Professional Bioethics in Graduate Medical Education: a Curricular Innovation to Improve Communication and Professionalism (Published 2015)
Apr 06, 2016
Broom M, Guild C, and Ahmadi Nasab Emran S
This paper describes a novel hybrid Professional Bioethics in Graduate Medical Education course, which utilised both online modules and small-group discussions to teach bioethics and professionalism.
Introduction: There are requirements for resident training in professionalism, but without much specification, and variation exists with regards to how these requirements should be met. We describe a novel hybrid Professional Bioethics in Graduate Medical Education course, which utilized both online modules and small-group discussions to teach bioethics and professionalism.

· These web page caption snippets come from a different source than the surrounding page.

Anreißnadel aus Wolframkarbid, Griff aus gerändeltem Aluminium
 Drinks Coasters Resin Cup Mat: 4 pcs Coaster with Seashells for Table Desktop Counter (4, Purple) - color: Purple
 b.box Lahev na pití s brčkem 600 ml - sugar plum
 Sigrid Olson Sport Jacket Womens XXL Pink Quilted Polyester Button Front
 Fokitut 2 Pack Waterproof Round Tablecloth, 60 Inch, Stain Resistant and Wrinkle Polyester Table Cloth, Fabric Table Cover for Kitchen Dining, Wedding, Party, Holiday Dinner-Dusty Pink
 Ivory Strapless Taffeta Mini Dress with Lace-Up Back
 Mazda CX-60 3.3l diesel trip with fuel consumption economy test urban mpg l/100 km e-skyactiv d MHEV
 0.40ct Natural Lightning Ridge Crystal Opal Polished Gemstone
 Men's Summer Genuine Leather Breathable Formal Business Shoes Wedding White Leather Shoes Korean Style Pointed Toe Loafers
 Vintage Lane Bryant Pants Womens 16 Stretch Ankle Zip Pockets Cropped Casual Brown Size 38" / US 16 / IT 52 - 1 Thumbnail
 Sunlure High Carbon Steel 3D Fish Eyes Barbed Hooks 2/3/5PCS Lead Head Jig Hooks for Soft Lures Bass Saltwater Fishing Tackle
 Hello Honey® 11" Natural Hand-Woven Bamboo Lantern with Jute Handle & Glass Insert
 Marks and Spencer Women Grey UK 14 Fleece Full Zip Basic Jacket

Methods: Pediatric, internal medicine, neurology, and psychiatry residents were given the opportunity to complete online modules prior to participating in a series of small-group discussions. Topics included patient hand-offs, difficult patients, medical mistakes, patient-physician relationships, and physician-influence from industry. Residents completed anonymous evaluations upon completion of the modules and at course completion.
Results: 140 residents (42 pediatric, 52 internal medicine, 22 neurology, and 24 psychiatry) enrolled in the course and completed 191 surveys evaluating the modules. Resident surveys indicated that small-group discussions were an important method of learning (80%). Surveys noted that having frank, open discussions with other residents was a useful format (85%). Although residents reported that they enjoyed the online modules, only 10% routinely accessed the posted materials.
Conclusion: Although online modules are accessible and useful for certain aspects of learning, small-group discussions may provide a more successful forum to provide this education in bioethics and professionalism.
An interesting and well structured paper that describes a mixed methods approach to the teaching of ethics. With so many teaching approaches being used in these present times, I feel that authors now need to address why their approach is probably either more appropriate or achieves better outcomes. This can be achieved by looking at the affect upon the practitioner over time and how it influences practice, rather than relying on Kirkpatrick level 1 evaluation, as this paper did.